Она решила весь день провести дома. Телевизор быстро надоел, к чтению душа не лежала. Села у окна и сама не заметила, как подтянула к себе бумажные салфетки и начала выводить закорючки и загогулины. Это занятие здорово её развлекло. Юля не поленилась, принесла из комнаты листы бумаги и пенал с ручками и карандашами.
Домик, солнышко, тучка и дождик, потом девушка в летящем платье, девочка в шляпке, туфельки на высоком каблуке, пышный рукав платья позапрошлого века и узор на корсете. Юля не заметила, как закончился день и наступил вечер. Она рисовала с таким воодушевлением, словно раньше ей это запрещали делать.

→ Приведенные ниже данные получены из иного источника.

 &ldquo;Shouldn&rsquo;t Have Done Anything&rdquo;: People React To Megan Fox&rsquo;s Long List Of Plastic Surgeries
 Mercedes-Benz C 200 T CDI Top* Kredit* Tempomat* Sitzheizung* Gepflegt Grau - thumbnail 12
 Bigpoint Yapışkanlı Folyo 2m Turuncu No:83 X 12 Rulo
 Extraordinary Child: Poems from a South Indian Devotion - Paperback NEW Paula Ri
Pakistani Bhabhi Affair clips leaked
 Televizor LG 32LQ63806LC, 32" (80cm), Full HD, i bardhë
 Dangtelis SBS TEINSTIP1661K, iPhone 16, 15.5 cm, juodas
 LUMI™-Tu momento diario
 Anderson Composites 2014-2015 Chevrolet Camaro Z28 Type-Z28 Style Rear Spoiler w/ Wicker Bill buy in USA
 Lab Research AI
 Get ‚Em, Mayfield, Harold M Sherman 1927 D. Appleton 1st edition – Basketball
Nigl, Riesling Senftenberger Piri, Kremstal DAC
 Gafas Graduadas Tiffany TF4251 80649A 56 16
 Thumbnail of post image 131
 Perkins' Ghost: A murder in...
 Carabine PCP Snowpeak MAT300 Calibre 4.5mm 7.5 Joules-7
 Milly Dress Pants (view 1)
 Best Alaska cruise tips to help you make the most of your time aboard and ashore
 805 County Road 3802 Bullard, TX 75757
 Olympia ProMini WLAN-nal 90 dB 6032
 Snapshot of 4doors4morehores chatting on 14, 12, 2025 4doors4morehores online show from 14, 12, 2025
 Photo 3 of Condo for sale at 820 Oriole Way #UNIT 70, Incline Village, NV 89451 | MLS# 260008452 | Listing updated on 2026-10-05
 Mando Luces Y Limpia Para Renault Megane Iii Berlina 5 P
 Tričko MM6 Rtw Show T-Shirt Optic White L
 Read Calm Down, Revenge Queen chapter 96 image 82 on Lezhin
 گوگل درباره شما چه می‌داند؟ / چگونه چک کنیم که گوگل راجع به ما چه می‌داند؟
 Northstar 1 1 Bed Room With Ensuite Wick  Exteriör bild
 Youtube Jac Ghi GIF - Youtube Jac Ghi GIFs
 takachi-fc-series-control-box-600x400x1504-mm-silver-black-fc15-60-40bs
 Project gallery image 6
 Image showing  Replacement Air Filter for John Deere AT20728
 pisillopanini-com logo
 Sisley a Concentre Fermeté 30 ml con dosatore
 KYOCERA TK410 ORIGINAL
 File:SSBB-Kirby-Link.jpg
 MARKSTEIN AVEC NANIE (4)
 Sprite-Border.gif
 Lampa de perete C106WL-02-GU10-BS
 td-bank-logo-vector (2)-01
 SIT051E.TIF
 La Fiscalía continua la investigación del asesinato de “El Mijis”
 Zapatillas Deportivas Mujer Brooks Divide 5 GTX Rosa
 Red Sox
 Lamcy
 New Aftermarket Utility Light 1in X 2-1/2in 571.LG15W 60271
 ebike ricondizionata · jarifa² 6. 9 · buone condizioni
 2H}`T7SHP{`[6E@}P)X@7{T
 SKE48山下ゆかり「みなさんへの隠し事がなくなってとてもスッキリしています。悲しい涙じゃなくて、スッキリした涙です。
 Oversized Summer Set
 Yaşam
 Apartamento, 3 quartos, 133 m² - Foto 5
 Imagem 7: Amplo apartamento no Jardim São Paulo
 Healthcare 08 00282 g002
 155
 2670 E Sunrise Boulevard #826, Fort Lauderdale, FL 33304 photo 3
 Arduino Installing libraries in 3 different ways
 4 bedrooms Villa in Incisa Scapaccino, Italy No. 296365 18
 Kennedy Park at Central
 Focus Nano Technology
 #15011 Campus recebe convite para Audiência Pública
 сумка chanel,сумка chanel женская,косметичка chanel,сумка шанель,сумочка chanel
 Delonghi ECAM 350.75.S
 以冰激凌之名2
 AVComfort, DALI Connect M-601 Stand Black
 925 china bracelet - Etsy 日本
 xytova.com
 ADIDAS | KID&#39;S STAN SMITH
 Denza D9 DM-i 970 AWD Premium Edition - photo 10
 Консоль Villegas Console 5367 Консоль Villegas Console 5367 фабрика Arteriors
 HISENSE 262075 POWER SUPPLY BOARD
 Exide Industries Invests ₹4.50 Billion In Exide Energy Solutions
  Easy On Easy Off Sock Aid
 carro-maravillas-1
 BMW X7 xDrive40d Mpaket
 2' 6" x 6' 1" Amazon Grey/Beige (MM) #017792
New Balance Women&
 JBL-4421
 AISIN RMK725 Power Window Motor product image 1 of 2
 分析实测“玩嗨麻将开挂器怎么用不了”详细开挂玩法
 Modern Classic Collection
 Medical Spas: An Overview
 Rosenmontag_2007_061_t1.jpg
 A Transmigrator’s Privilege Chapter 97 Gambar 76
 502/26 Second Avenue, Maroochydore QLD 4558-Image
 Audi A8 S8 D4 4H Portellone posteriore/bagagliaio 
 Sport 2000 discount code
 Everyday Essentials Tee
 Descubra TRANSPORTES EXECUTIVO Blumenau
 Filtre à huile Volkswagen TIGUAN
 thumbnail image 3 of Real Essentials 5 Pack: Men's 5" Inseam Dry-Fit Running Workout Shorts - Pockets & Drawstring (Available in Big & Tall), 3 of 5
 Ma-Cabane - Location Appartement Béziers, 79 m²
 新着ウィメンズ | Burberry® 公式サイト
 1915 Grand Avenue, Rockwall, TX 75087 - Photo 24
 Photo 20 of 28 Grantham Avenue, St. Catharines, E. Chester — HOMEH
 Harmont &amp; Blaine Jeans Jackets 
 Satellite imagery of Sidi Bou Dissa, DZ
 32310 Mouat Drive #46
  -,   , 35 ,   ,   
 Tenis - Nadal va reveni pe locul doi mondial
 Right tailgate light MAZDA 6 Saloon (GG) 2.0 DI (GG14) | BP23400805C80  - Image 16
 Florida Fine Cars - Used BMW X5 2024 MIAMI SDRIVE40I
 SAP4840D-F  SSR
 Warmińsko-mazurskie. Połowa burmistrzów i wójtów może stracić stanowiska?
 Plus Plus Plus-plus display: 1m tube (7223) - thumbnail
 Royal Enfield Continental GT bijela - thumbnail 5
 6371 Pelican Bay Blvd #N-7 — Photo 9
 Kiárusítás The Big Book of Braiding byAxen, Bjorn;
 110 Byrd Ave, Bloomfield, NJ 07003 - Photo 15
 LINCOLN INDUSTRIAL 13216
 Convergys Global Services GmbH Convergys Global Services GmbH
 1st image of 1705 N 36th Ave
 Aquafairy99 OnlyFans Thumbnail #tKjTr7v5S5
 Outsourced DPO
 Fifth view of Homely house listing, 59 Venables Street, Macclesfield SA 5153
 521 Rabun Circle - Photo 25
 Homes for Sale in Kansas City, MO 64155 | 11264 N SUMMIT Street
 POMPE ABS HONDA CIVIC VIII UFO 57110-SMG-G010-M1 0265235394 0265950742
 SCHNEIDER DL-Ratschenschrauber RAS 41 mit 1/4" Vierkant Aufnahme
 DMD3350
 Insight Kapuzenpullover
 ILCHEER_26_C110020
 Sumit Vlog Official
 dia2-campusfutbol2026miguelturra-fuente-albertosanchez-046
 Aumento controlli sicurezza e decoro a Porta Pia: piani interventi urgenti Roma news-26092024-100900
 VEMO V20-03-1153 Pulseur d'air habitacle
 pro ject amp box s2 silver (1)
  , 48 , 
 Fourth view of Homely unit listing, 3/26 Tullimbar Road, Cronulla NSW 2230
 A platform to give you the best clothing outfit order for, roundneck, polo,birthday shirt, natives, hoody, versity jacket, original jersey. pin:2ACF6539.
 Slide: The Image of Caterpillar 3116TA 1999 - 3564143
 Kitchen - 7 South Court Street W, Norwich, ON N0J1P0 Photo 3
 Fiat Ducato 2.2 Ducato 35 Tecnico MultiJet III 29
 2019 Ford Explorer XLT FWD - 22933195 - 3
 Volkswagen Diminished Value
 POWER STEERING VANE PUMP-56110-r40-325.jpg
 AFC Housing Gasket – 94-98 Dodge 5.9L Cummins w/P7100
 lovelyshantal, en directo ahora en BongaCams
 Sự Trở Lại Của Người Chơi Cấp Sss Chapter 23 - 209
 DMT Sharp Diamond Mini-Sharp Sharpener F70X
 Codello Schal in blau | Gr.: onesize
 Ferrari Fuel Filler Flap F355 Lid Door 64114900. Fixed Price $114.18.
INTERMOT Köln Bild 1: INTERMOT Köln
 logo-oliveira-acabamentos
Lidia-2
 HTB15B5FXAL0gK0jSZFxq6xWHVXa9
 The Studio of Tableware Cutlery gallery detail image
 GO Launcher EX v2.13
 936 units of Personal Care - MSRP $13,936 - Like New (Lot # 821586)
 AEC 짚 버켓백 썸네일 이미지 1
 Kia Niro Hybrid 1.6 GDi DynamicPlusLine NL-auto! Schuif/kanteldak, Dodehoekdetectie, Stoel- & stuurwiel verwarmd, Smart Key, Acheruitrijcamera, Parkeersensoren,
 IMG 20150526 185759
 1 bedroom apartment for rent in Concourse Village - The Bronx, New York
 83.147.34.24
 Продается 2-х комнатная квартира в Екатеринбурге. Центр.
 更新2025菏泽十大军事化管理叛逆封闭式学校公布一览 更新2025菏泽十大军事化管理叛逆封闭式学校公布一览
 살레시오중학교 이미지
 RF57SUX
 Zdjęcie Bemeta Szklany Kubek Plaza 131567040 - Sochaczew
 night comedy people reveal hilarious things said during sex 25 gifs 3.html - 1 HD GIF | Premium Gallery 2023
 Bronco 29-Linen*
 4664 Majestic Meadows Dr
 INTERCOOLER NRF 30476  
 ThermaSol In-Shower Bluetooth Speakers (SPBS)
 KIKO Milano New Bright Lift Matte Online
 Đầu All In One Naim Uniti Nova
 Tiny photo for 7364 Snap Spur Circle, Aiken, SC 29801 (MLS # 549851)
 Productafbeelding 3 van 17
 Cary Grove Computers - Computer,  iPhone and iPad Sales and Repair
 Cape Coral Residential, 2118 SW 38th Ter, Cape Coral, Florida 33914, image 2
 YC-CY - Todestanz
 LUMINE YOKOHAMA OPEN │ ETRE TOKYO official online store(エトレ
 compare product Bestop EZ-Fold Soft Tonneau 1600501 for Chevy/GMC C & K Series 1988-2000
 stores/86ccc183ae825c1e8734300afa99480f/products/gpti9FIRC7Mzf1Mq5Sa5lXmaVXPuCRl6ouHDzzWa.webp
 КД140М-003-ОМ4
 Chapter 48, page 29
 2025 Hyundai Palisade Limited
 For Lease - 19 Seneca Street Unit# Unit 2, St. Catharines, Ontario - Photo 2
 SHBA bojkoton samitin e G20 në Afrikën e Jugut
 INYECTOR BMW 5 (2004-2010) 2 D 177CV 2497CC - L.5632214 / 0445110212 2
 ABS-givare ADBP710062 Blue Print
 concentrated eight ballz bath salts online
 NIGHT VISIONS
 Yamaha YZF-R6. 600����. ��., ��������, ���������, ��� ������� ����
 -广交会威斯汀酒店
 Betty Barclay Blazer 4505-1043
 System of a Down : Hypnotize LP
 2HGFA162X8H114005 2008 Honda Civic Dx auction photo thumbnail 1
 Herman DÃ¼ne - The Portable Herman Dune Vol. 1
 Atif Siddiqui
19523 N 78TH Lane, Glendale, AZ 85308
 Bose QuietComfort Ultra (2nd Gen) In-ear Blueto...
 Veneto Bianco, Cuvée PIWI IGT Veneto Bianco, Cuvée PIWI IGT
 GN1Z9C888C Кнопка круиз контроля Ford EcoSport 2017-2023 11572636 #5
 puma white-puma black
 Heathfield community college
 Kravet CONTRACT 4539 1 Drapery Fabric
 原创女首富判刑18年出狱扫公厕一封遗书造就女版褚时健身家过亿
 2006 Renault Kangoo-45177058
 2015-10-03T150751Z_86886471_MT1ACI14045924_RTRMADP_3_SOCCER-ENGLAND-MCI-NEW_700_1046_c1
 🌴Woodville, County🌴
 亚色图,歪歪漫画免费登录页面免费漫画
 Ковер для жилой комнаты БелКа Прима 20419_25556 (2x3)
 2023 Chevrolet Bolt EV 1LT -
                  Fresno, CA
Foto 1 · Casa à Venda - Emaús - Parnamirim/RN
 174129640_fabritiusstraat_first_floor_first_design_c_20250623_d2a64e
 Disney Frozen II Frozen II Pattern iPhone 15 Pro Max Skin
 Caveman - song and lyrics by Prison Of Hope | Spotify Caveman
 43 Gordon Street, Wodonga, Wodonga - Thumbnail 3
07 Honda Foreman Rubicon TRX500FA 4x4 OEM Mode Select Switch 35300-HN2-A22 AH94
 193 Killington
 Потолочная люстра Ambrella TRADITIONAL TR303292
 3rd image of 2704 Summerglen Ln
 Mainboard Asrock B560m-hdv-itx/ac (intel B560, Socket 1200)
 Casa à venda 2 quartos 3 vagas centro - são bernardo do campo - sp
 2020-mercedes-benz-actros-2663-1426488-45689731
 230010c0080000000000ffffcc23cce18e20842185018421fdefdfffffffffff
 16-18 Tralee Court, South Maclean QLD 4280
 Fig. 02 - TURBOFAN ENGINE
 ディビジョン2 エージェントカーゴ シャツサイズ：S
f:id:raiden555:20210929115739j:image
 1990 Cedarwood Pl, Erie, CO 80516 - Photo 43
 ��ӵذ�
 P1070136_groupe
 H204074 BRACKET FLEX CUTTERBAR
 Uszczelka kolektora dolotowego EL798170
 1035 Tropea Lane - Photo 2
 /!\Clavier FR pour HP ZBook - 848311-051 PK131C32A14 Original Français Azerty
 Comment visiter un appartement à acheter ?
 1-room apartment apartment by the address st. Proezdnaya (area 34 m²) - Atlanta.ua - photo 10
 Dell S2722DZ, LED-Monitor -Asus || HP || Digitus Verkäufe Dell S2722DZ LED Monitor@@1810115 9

Да, родители действительно не поощряли её любовь к рисованию. Отец считал это легкомысленным занятием, годным для досуга, и то время от времени. Вот Юля с детства и привыкла: чтобы получить похвалу от родителей, надо не рисунок принести, а стишок выучить или что-то полезное по дому сделать. Рисование осталось в памяти как пустое времяпрепровождение. А ведь сколько удовольствия можно получить, даже просто бесцельно выводя на бумаге каракули.
Она рисовала бы до глубокой ночи, но беспокойное бульканье в животе напомнило, что сегодня ещё ничего не ела. Организм категорически отказывался голодать. Пришлось прерваться на ужин. Готовить что-то серьёзное для себя одной не хотелось. Это Симоне не лень стоять несколько часов у плиты, создавая очередное кулинарное творенье, и не для того, чтобы насытиться, а практически ради искусства. Юля в своих пристрастиях к еде куда скромнее. Решила ограничиться банальной яичницей. Быстро, просто и сытно. Три в одном.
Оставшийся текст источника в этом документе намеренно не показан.